Canadian monetary policy is facilitating the necessary adjustments to these developments by aiming to keep inflation at its 2 per cent target and the economy operating near its production capacity.

On 21 October, we released our semi-annual Monetary Policy Report. I will spend the last few minutes of my presentation today summarizing the key messages of the Report.

The Canadian economy as a whole is currently close to its production capacity. Exports, household spending, and business investment all contributed to stronger growth in the first half of 2004 than we had anticipated earlier in the year.

As we said in the Report, the Bank expects that the economy will remain near its production capacity through to the end of 2006—growing by slightly less than 3 per cent in 2005, and by slightly more than 3 per cent in 2006. The current outlook is for a continued, although more moderate, expansion of exports—but also a pickup in imports—and continuing strong growth in domestic demand. Business investment is projected to strengthen further, and gains in real incomes should support consumer spending. Housing investment is expected to stabilize at current high levels.

We also said that, with the economy operating near its potential over the projection period, and with inflation expectations well anchored, we expect that core inflation—currently at 1.5 per cent—will move up to 2 per cent by the end of 2005 and stay there through 2006. Let me remind you that core inflation, which excludes eight highly volatile components of the CPI, provides a better measure of the underlying trend of inflation.

Movements in crude oil prices will continue to dominate the outlook for total CPI inflation. Given the path suggested by futures prices for crude oil as of 15 October, we said in the Report that we expect total CPI inflation to rise to the top of the 1 to 3 per cent target range in the first half of 2005, before falling below core inflation in early 2006.

The Bank's base-case projection takes into account the quarter-point increase in the target for the overnight rate on 19 October. It also assumes "further reduction of monetary stimulus over time to keep the economy near its production capacity and achieve the inflation target," with "the pace of interest rate increases depending on the Bank's continuing assessment of the prospects for factors that affect pressures on capacity and, hence, inflation."

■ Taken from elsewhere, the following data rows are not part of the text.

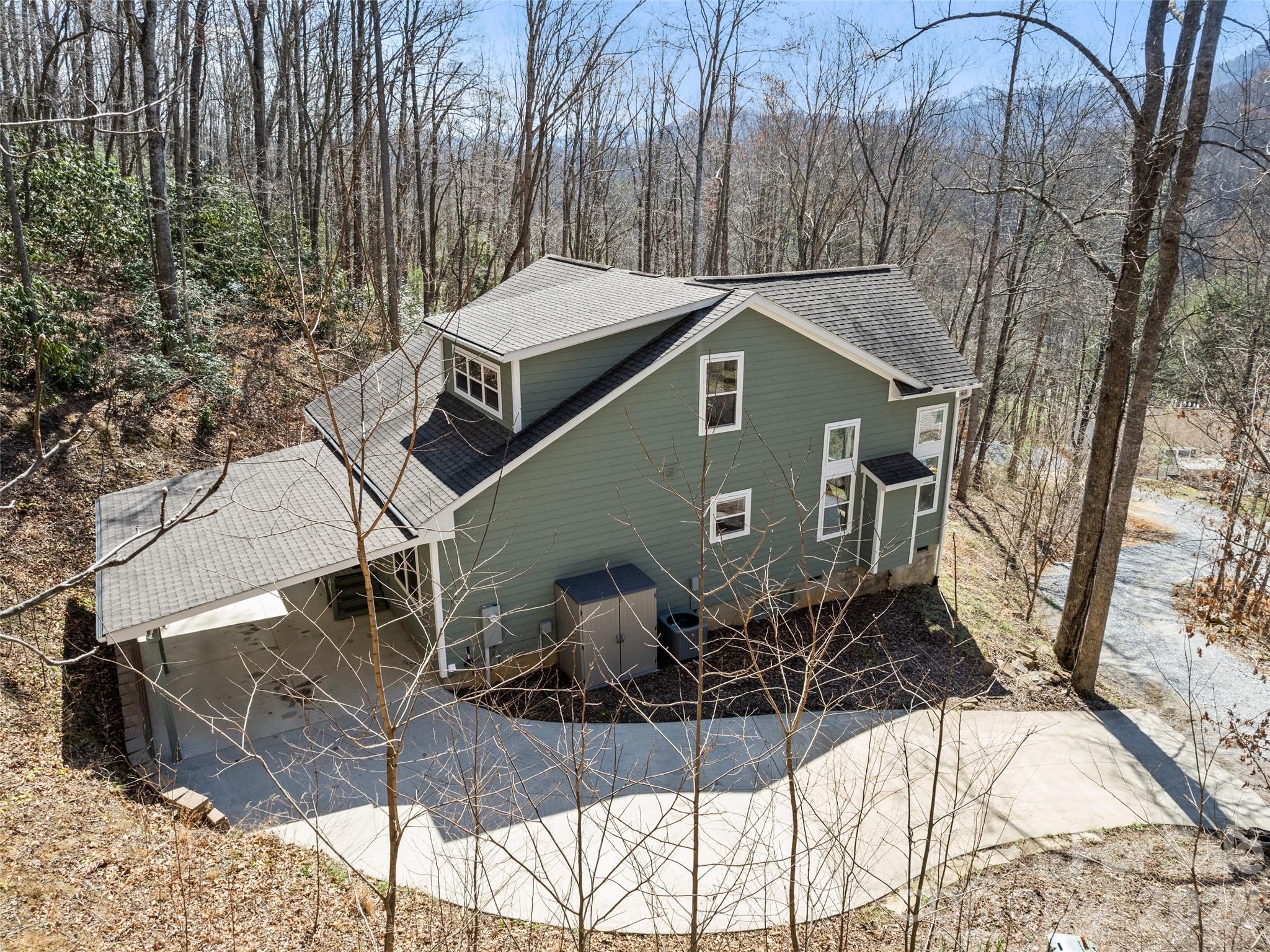 132 Fields Drive — Waynesville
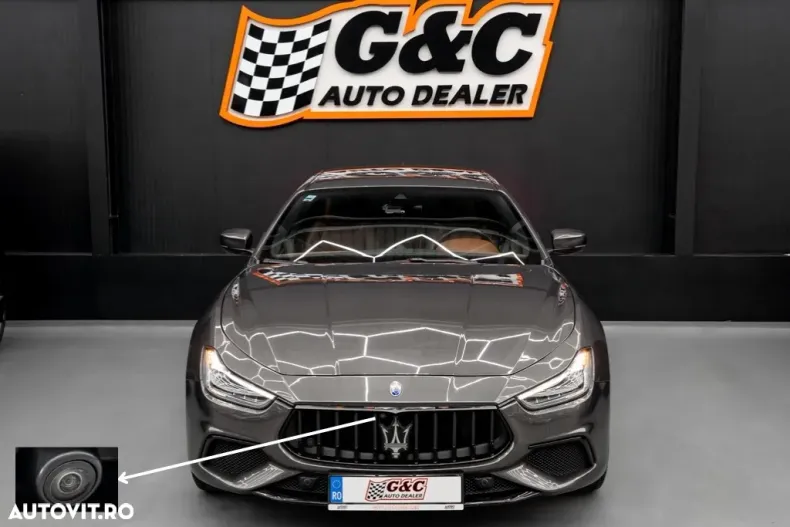 Maserati Ghibli din 2021 cu 42.500 km - oferta MAS159974 - foto 2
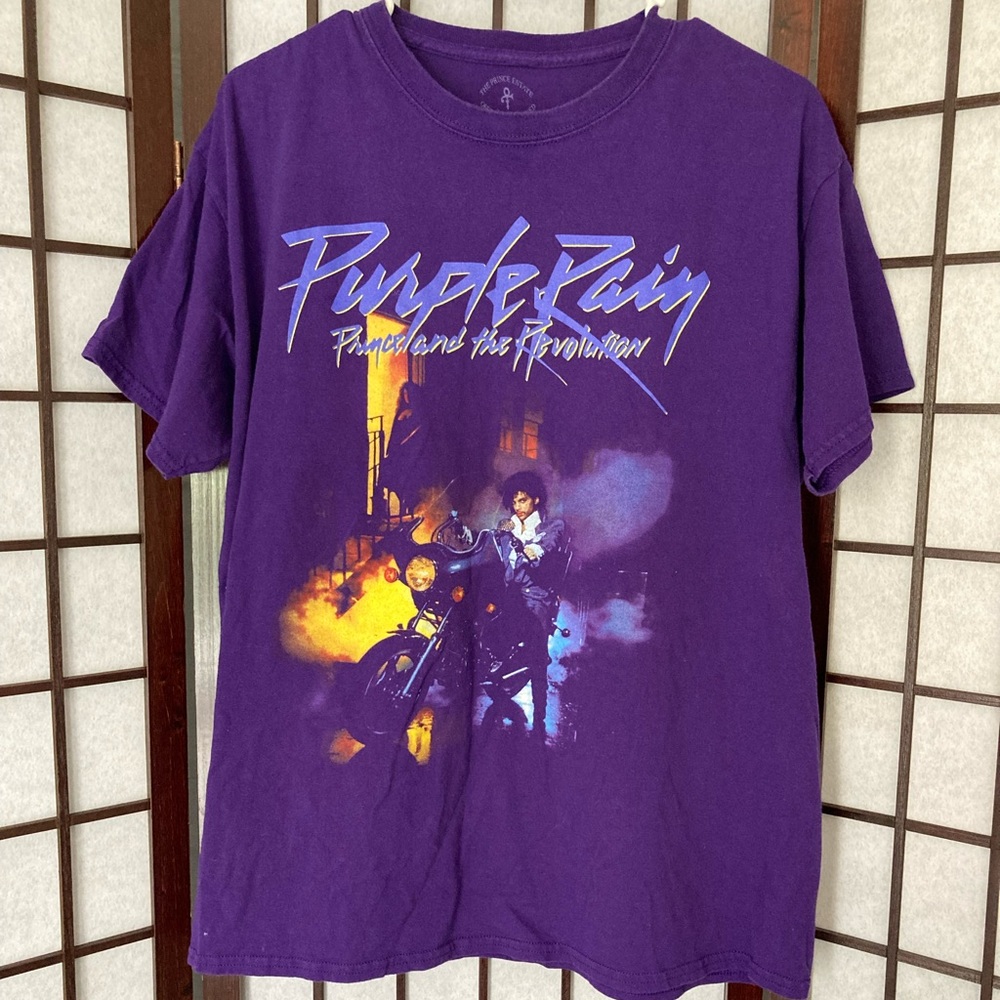 Prince Merch T-shirt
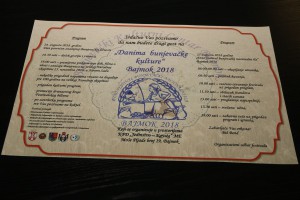 Najava manifestacije "Dani bunjevačke kulture - Bajmok 2018"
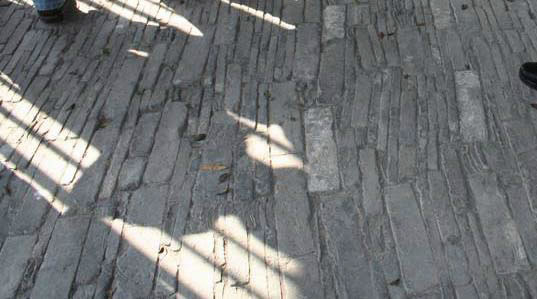 pavement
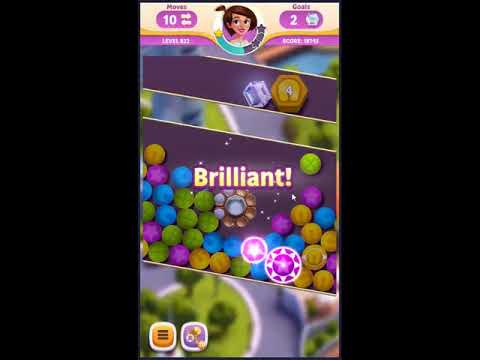 Diamond Diaries Saga Level 822 - NO BOOSTERS 💎 | SKILLGAMING ✔️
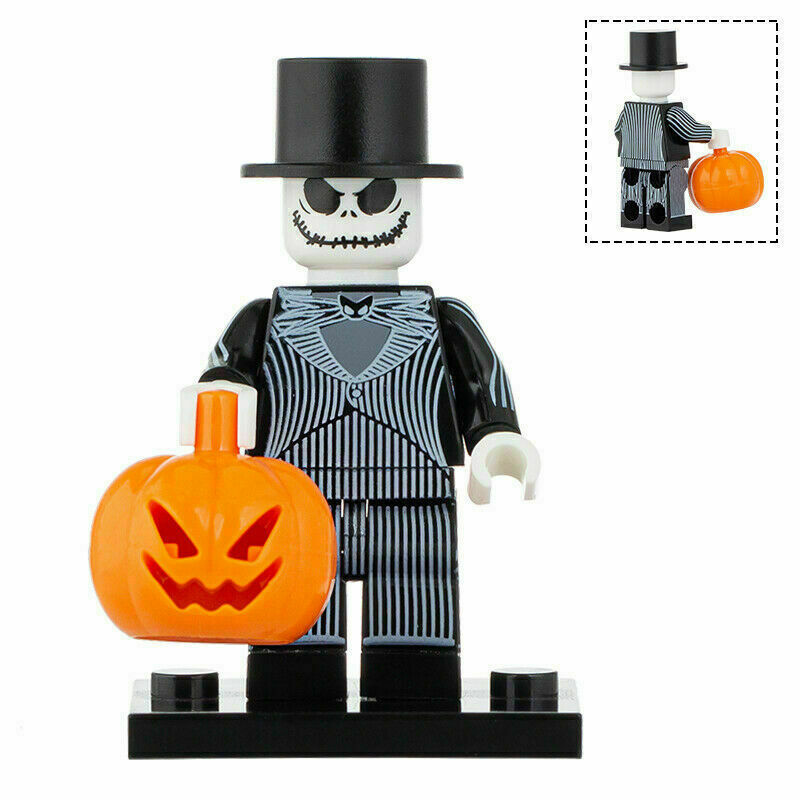 Jack Skellington Custom Horor Minifigure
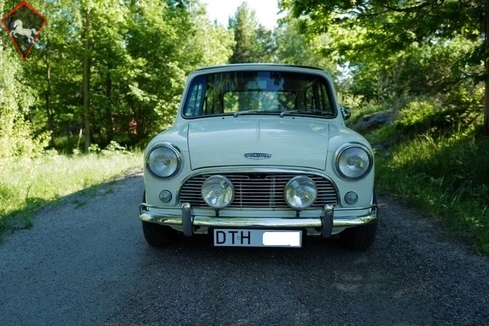 Austin Mini Cooper 1966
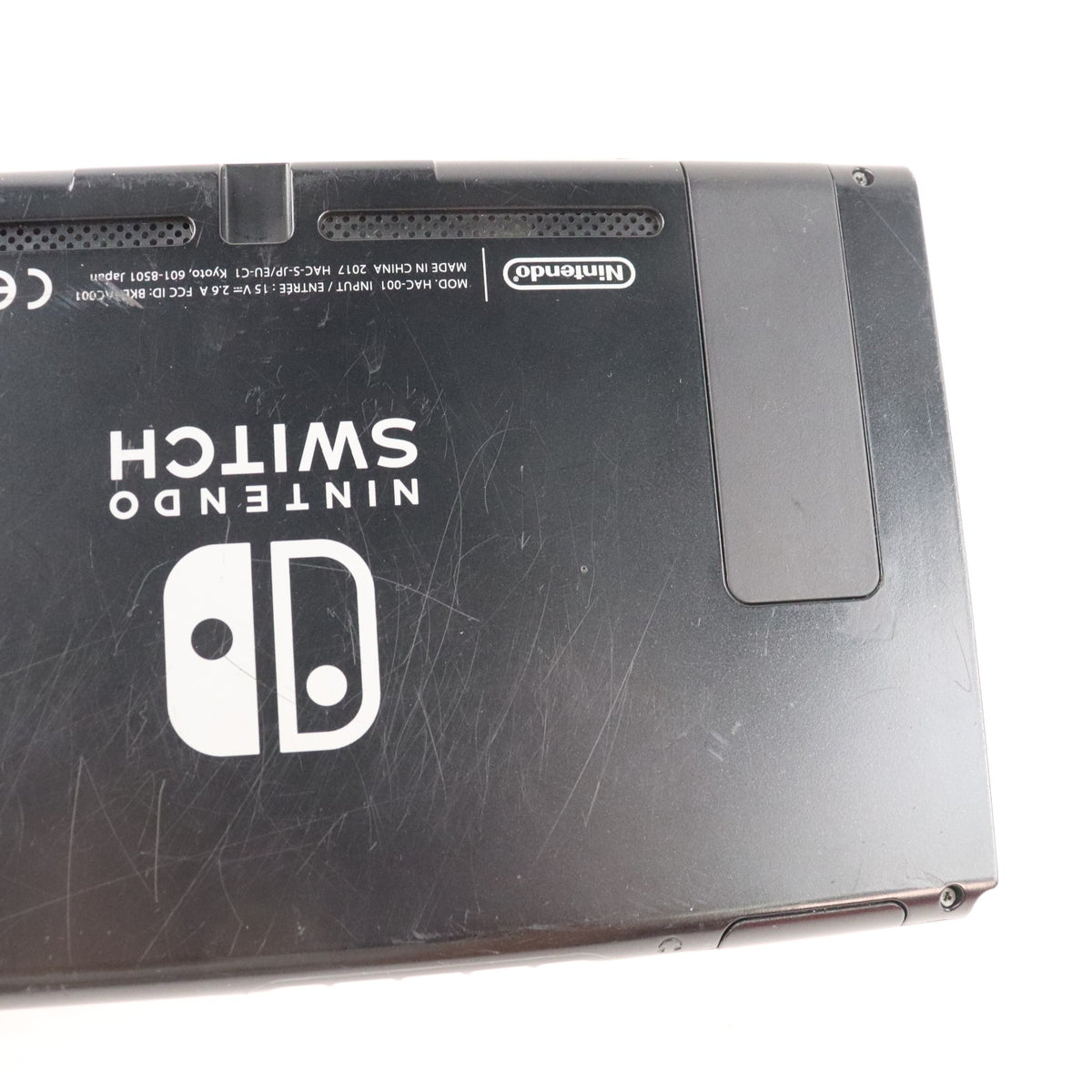 【中古即納】[Switch] (本体) Nintendo Switch(ニンテンドースイッチ) Joy-Con(L)/R グレー 任天堂(HAC-S-KAAAA)(20170303)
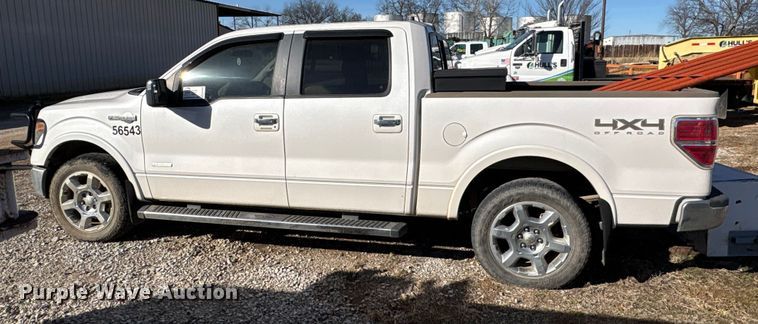image for item EA7930 2013 Ford F150 Crew Cab pickup truck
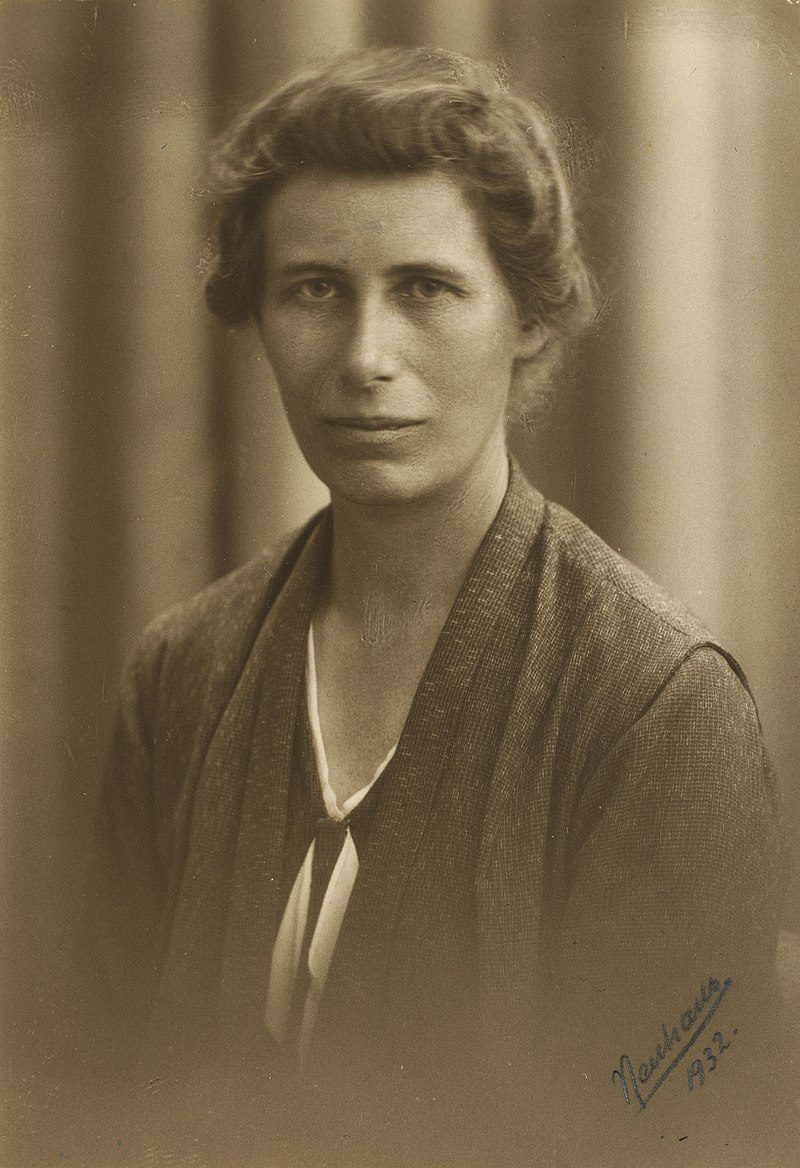 Inge Lehman, 1932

There are, of course, significant risks and uncertainties around our projection. These risks are related to the ongoing adjustment to changes in the global economy, including changes in commodity prices and exchange rates. And they underscore the importance of the continuous monitoring that we carry out as a key part of the conduct of monetary policy, and of the regular updates that we provide on our assessment of economic developments. However, the single most important point to bear in mind about monetary policy is the Bank's unwavering commitment to our objective. That objective is to keep the economy on the smoothest possible track for solid, sustainable economic growth by keeping inflation low, stable, and predictable.